室町時代に桟に隙間がある開口部が生まれ、桃山期の「洛中洛外図」を見ると荒く縦横に組まれた固定式の組子が町家の標準仕様だった様子が描かれています。
この頃は物騒な時代であり、防犯上の理由で固定式の格子を備えるようになったとされています。
洛中洛外図屏風(舟木本):景観の情況から元和初年(1615)頃の作とされている。
出典:東京国立博物館WEBサイト
研究情報アーカイブズは こちら
江戸時代になると、格子の制作技術の向上によりより細く綿密な格子が主流になりました。人口増加で高密化する街の視線制御効果が有用で、その後も格子の発達が進んだ要因と考えられます。
江戸中期頃には町家の開口は目の細かい縦格子にほぼ統一され、現代の私たちがイメージする町家意匠の流れができあがりました。それ以降は明治に至るまで、町家の「エクステリア」画一化と格子の繊細化が進みました。
京都の現代における格子
前述の「旧市街地型美観地区」ですが、実は格子を義務付ける内容はほとんどありません。
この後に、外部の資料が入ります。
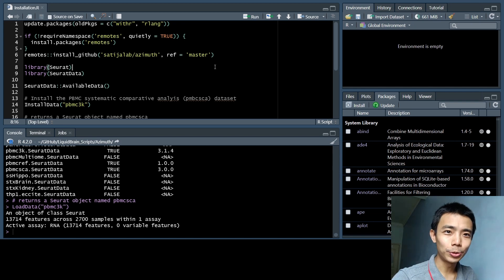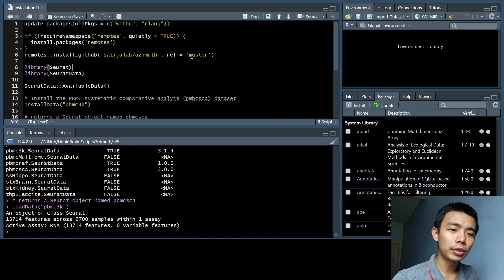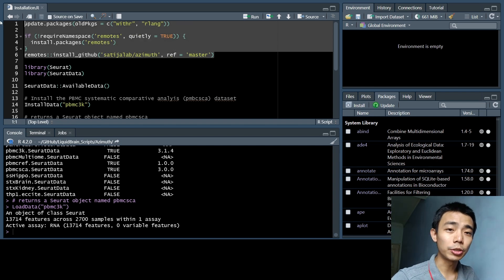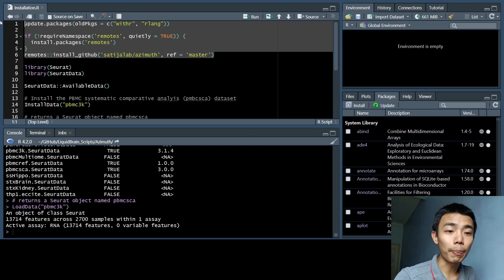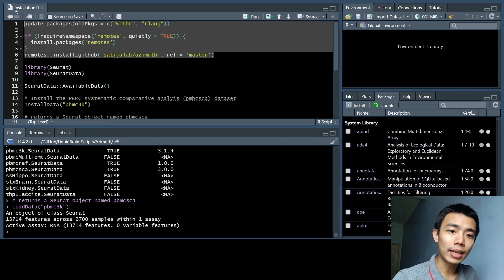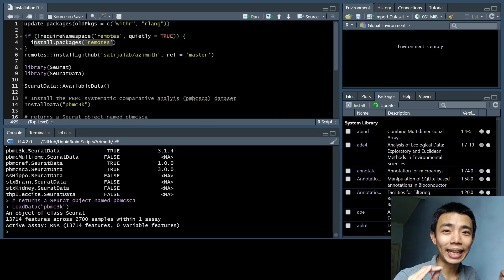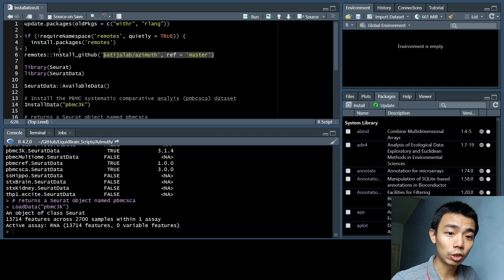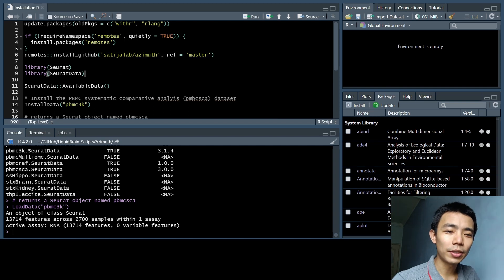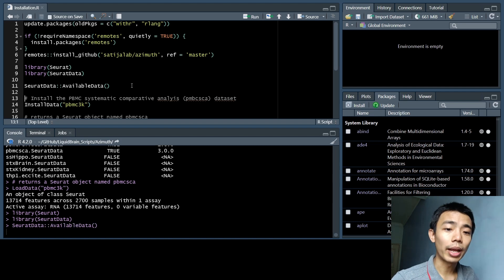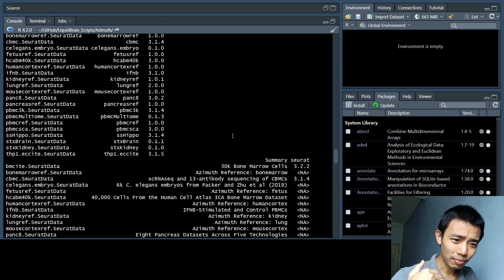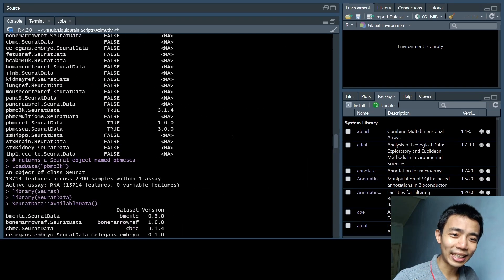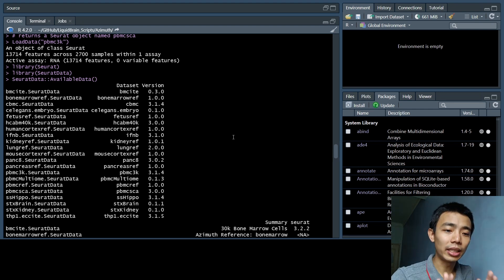Once you've done that, I also include a short script for you to install Azimuth as well as how you actually create a Seurat object to be uploaded onto the web app. For Azimuth, it's a bit more complicated because you actually have to update this tool package. And for the Windows user, you have to install something called Rtools because some of the packages need local compilation. After you've done that, you also have to install remotes because at this moment, Azimuth is not available in CRAN or Bioconductor. So you actually have to install it through the GitHub page with this command right here.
ですが、守らなければならないデザイン上の規制を考えると、格子が非常に有用で扱いやすいと言えるかと思います。
例えば、町家で道路に面してバルコニーを設置する場合はインナーバルコニーにしなければならず、更に手摺面は外壁と違うデザインにしなければなりません。更に軒庇よりバルコニーが突出するのはNGで、ボリューム感が立たないようデザインをしなければいけません。
そうなると、京の町家で長年自然と用いられてきた格子が、意匠上の京都らしさの表現だけでなく規制のクリアには好都合なのです。
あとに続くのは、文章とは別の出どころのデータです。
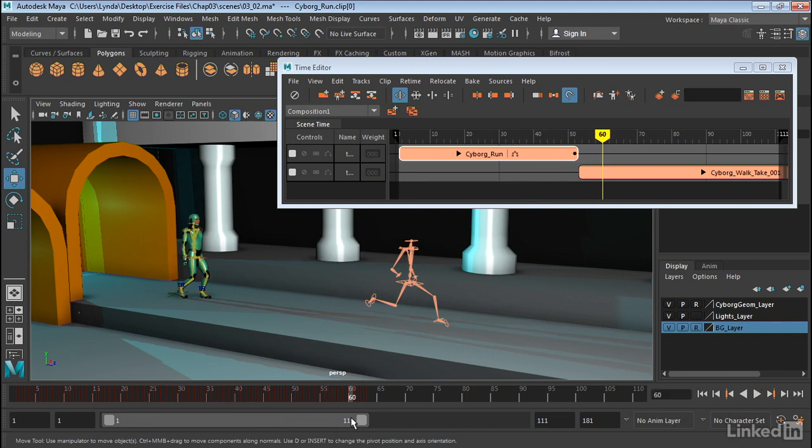Now this is really important when you try to align clips, and we'll go ahead and do that next.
現代では和洋限定せず目隠しやデザインで縦ルーバーを使う事は多くありますが、京都の暮らしの中で古くから発展してきた「格子」の街並みは、まさに意匠性・機能性を備えた京都生まれの万能エクステリア・マテリアルと呼べるのではないでしょうか。
京都の格子活用例
京都の町を歩くと、格子は様々な形でアレンジされ、美しく建物と街並みを繋いでいます。
格子は開口部のみにとどまらず、外壁全体に格子柄を用いていたり、格子を見る角度を利用して絵柄を演出したりするデザインもあります。
◇バルコニーの手摺面が格子の京町家
「旧市街地型美観地区」の京町家は前述の通り、バルコニーのデザインに注意が必要です。
こちらの町家は手摺面前面が格子で造られています。
◇ライオンズ京都御所南レジデンス
RC造の重厚感を感じさせないよう、格子の活用で外壁の存在感を軽減したデザイン。
2023年グッドデザイン賞を受賞されています。
◇K8ビル
木屋町通に建つ、前面マテリアルが木製ルーバーのビル。
建築から10年ほどが経ち、経年による格子の変化が京都らしく存在感を放っています。
木屋町通りはあまり建物に京都らしさがある街並みとは言えませんが、隣の筋の先斗町のように規制が無いために建てることができたビルだと言えます。
現在のK8ビル
まとめ
格子の魅力、もっと知りたくなりましたね。
目隠しとして、エクステリアのアクセントとして、各メーカーさんの様々な格子がありますので、ちょっとしたリフォームなどでも取り入れてみてはいかがでしょうか?